WHO recommends implementing Hepatitis A vaccination programs as sanitary conditions improve in intermediate-endemicity regions where the disease has a severe course and the number of mindful adults increase (14). Korkmaz et al. (17) identified an anti-HAV-IgG positivity rate of 71.7% among healthcare workers. In our study, anti-HAV-IgG positivity rate was 80.7% and immunization with vaccine were recommended to healthcare workers who were seronegative for HAV. We believe that the statistically significant low rate of anti-HAV-IgG positivity among dentists, compared to the other positions in the ODHC, may be due to their higher education and socio-cultural levels. A study conducted with dental students, the rate of anti-HAV-IgG positivity was found at 24.9% (21). Considering the mean age of the participants in our study, the rate may be assessed higher compared to the above study. Screening for HAV vaccination should be performed more diligently in the coming years.

Approximately 32.2-38.8 million people worldwide are infected with HIV. Heathcare workers cannot differentiate HIV-positive patients from the patient’s history and physical examination. Therefore, all patients should accept blood and other body fluids potentially infected. Heathcare workers, should work according to standard precautions (25). The first case was reported in 1985 and 14695 cases have been reported until 31 December 2016 in our country (26). In our study, none of the ODHC workers were found HIV positive.

Study Limitations

The limitation of our study was the low number of cases and reflecting local data.


In the recent years, HBsAg positivity rates reported from oral and dental healthcare centers in Turkey are lower than those reported from general hospital screenings, while anti-HBs positivity rates are higher. In our study, too, HBsAg-positivity was found lower than that of the general hospital rates, but comparable to those reported from the ODHCs of these hospitals. In our study, we identified 100% anti-HBs positivity among ODHC workers a rate that has never been reported to date. This may be because our hospital is a local institution where infection prevention measures and training and vaccination activities are actively implemented.

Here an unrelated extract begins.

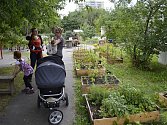 Komunitní zahrada slouží nejenom k zahradničení, ale také jako místo k setkávání. V pražské zahradě Vidimova mají kolem třiceti členů a plánují se do příští sezony rozrůst.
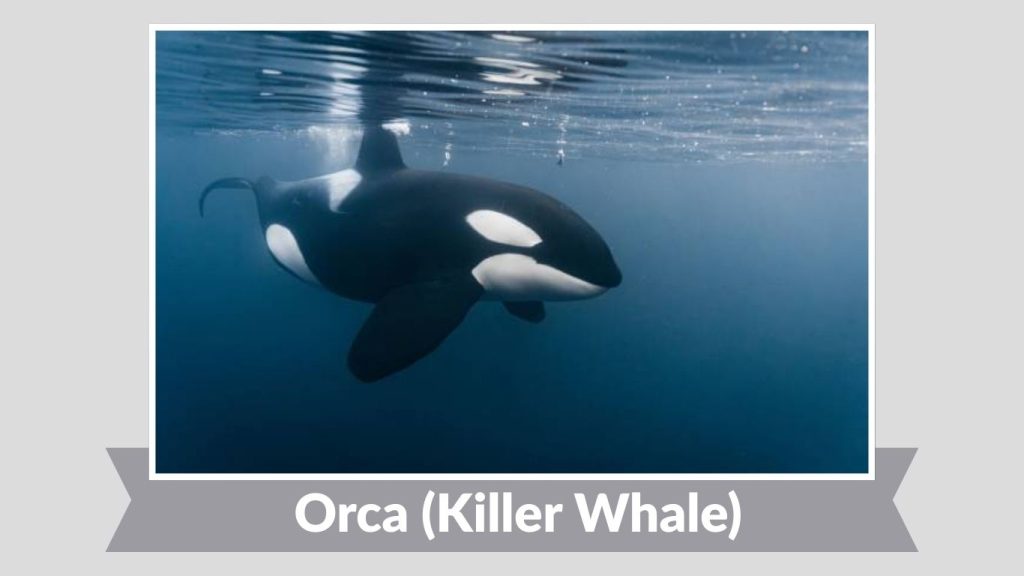 Orca (Killer Whale)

Nonetheless, that Hepatitis transmission is one of the most feared conditions among dentists may lead them to take special care personally aside from organized screening and training, hence be the reason for the rise seen in vaccination rates. The first step in preventing and protecting from viral hepatitis is to gain awareness about the condition. With this report we intend to point out that zero infection and full vaccination is possible by improving training and enhancing awareness.


Ethics Committee Approval: Approval for the study was taken from Fırat University, Ethics Committee (approval number: 05/04, date: 2019).

Informed Consent: Retrospective study.

Peer-review: External and internal peer-reviewed.

Financial Disclosure: The author declared that this study received no financial support.